Intel(R) Level-Zero, Intel(R) Data Center GPU Max 1100 1.3 [1.3.26918]

image

matmul-performance-fp16:
M N K rocBLAS Triton
0 256.0 256.0 256.0 0.108552 0.065673
1 384.0 384.0 384.0 0.363976 0.154921
2 512.0 512.0 512.0 0.857502 0.162093
3 640.0 640.0 640.0 1.664666 0.174643
4 768.0 768.0 768.0 2.829421 0.307113
5 896.0 896.0 896.0 4.453225 0.395680
6 1024.0 1024.0 1024.0 6.550690 0.316575
7 1152.0 1152.0 1152.0 9.213149 0.378349
8 1280.0 1280.0 1280.0 12.485583 0.444944
9 1408.0 1408.0 1408.0 15.589347 0.518402
10 1536.0 1536.0 1536.0 19.637789 0.576684
11 1664.0 1664.0 1664.0 23.102231 0.644403
12 1792.0 1792.0 1792.0 29.274080 0.726035
13 1920.0 1920.0 1920.0 32.775947 0.721385
14 2048.0 2048.0 2048.0 36.019792 0.722632
15 2176.0 2176.0 2176.0 43.476061 0.755484
16 2304.0 2304.0 2304.0 50.967526 0.797482
17 2432.0 2432.0 2432.0 59.675966 0.516829
18 2560.0 2560.0 2560.0 65.795927 0.524481
19 2688.0 2688.0 2688.0 72.057158 0.525320
20 2816.0 2816.0 2816.0 75.685494 0.397117
21 2944.0 2944.0 2944.0 78.605996 0.397091
22 3072.0 3072.0 3072.0 77.401139 0.392022
23 3200.0 3200.0 3200.0 93.879067 0.395438
24 3328.0 3328.0 3328.0 100.308276 0.366734
25 3456.0 3456.0 3456.0 107.904954 0.323059
26 3584.0 3584.0 3584.0 116.285356 0.305686
27 3712.0 3712.0 3712.0 97.801647 0.296061
28 3840.0 3840.0 3840.0 100.229800 0.293752
29 3968.0 3968.0 3968.0 103.656807 0.278301
30 4096.0 4096.0 4096.0 105.869743 0.265378

@vlad-penkin
Copy link
Contributor

@narendrachaudhary51 could you please provide the information on the environment

@narendrachaudhary51
Copy link
Author

  • I build the triton, ipex and pytorch from source using "scripts/compile-triton.sh" and "scripts/test-triton.sh" scripts.
  • My oneAPI version is 2024.1.0
  • My OS version is Rocky Linux 9.2 on a cluster, therefore commands mentioned in the link did not work for me.
  • I tried the same with "yum info" but that doesn't seem to work.

I was able to run the following command
xpu-smi discovery | grep "Device Name" | sed -n 's/.Device Name: (.)\s|/\1/p' >gpu.txt*
and gpu.txt contains this -
Intel(R) Data Center GPU Max 1100
Intel(R) Data Center GPU Max 1100

@fcharras
Copy link

fcharras commented May 16, 2024

@narendrachaudhary51 I'm playing with this exemple too and noticed the performance issue too.

I think the grid search parameters have not been tuned.
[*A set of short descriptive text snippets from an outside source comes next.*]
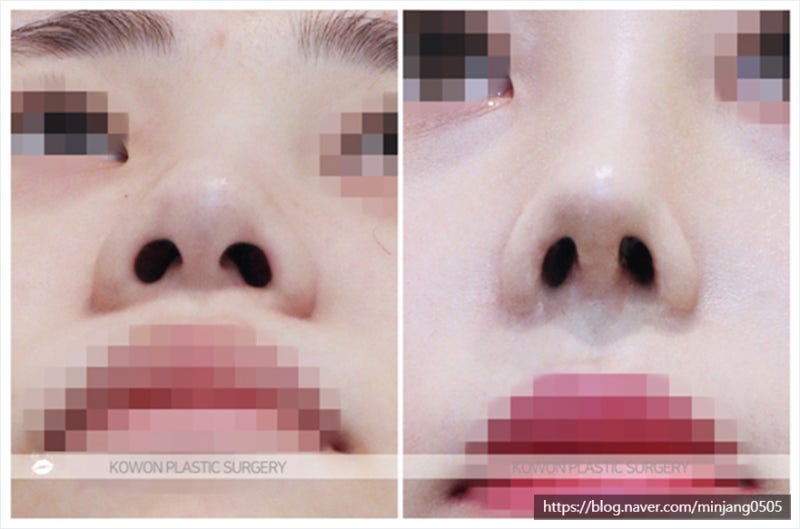 필러녹이는주사 후기 및 복코개선 가능한 압구정동성형외과 사진 6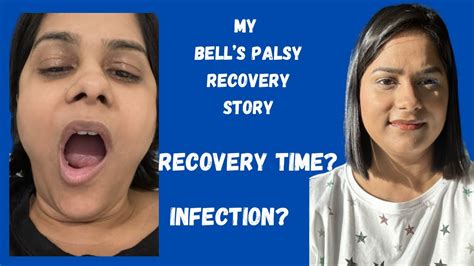 bell's palsy healing time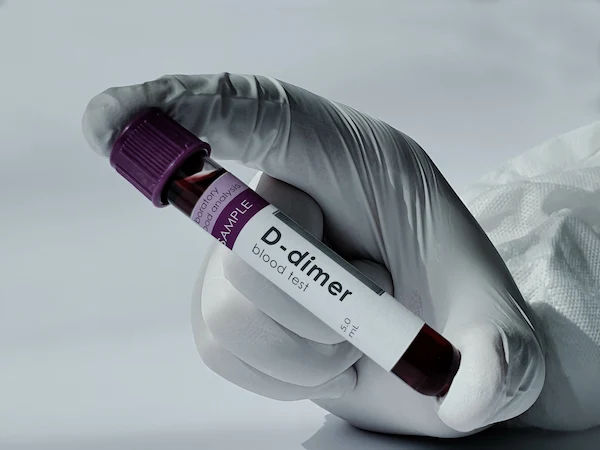 D-Dimer Test: Full Form and Overview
The grid search parameters currently used are the same than for cuda, but I noticed that using higher num_warp offers up to a 3x speedup for the max series gpu. The best parameters I have found so far are:

BLOCK_SIZE_M: 32, BLOCK_SIZE_N: 64, BLOCK_SIZE_K: 32, GROUP_SIZE_M: 8, num_warps: 16, num_ctas: 1, num_stages: 5

with those parameters, the 512 * 512 matmul performance is very close to torch.matmul performance. (however I unfortunately also noticed that the performance becomes worse with higher dimensions)

@fcharras
Copy link

fcharras commented May 16, 2024

Here are the changes to the example that I find gives better performance: #1139

It also improves performance for higher dimensions with a 3 to 4 times speedup, but not to the point of reaching torch.matmul performance, e.g I find torch.matmul 100x faster on 4096 * 4096 example, and still 20x faster after this change:

In [6]: %time matmul(a, b)[0,0].cpu()
CPU times: user 17.3 ms, sys: 8.88 ms, total: 26.2 ms
Wall time: 25.6 ms
Out[6]: tensor(-64.9375, dtype=torch.float16)

In [7]: %time torch.matmul(a, b)[0,0].cpu()
CPU times: user 1.15 ms, sys: 788 µs, total: 1.94 ms
Wall time: 1.82 ms
Out[7]: tensor(-64.9375, dtype=torch.float16)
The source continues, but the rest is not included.